#PausaCaffè: la lingua italiana

L’articolo scelto questa settimana è di Annamaria Testa e ripreso da internazionale. E’ una rifflessione sull’uso migliore della lingua italiana e sul valore che in fondo non sappiamo darle.

Quello che non troviamo in questo pezzo è l’ennesimo cazziatone su quanto siamo ignoranti della nostra lingua o sul fatto che pippipiri parliamo solo inglese.
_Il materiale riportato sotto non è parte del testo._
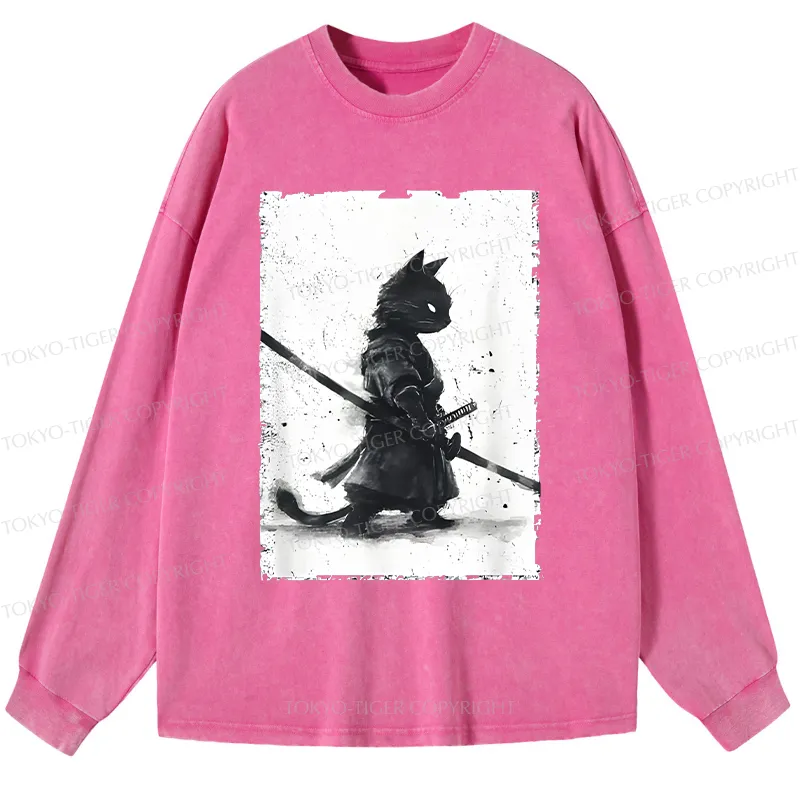 Tokyo-Tiger Retro Cat Samurai Japanese Washed Long Sleeve T-Shirt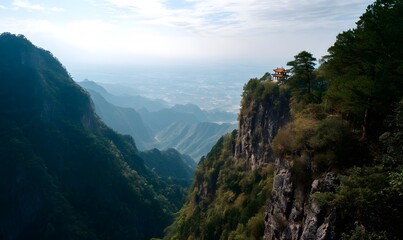 Scenic Mountaintop Pavilion Overlooking Vast Valley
Quello che fa notare Testa è che la nostra lingua all’estero è molto apprezzata, più  di quanto pensiamo, ed utilizzata spesso come strumento di marketing proprio per la sua sonorità e per l’apprezzamento che riceve. Allo stesso modo, suggerisce, dovrebbe essere più utilizzata anche da noi come strumento di “soft power”, valida terza alternativa a bastone o carota. Convincere gli altri col potere di persuasione della propria lingua.

A me non sembra male, se togliamo il fatto che oggi diplomazia, persuasione, discussione, vengono evidentemente percepiti come un modo per ingannarci, convincerci a fare o approvare cose che non vogliamo. Il punto è che sogno un giorno in cui ci saremo tutti calmati, avremo messo da parte quest’ondata di inutile “incazzo” perenne e convoglieremo le nostre energie nel capire cosa è meglio o peggio, lasciandoci persuadere o meno in modo assennato.

Senza dimenticare che in generale la conoscenza delle parole, e delle lingue è sempre un piacere che rende autonomi.